▶ [Prompt]:
Recreate the listing that follows line for line, without pictures.

▶ [Collected data]:
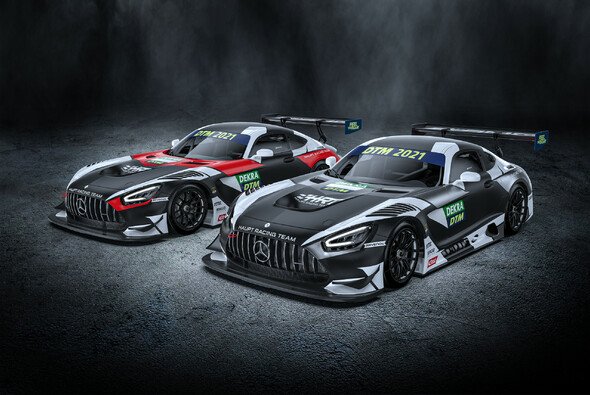 HRT startet mit zwei Mercedes-AMG GT3 in der DTM-Saison 2021 - Foto: HRT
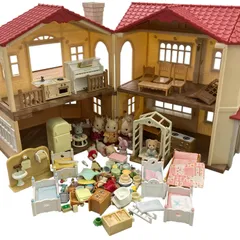 186001 現状品  シルバニアファミリー ドール・お人形遊び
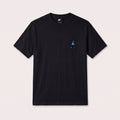 Camiseta 921062 Basica Negro para hombre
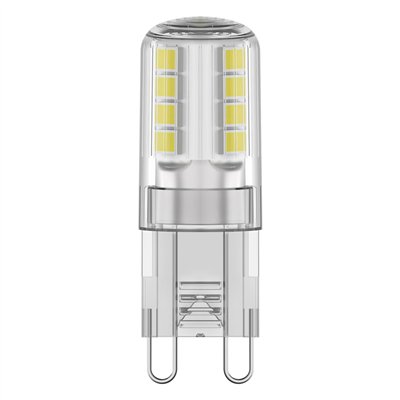LED BASE PIN G9 2.6W 827 Clear G9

▶ [Written answer]:
 HRT startet mit zwei Mercedes-AMG GT3 in der DTM-Saison 2021 - Foto: HRT
 186001 現状品  シルバニアファミリー ドール・お人形遊び
 Camiseta 921062 Basica Negro para hombre
LED BASE PIN G9 2.6W 827 Clear G9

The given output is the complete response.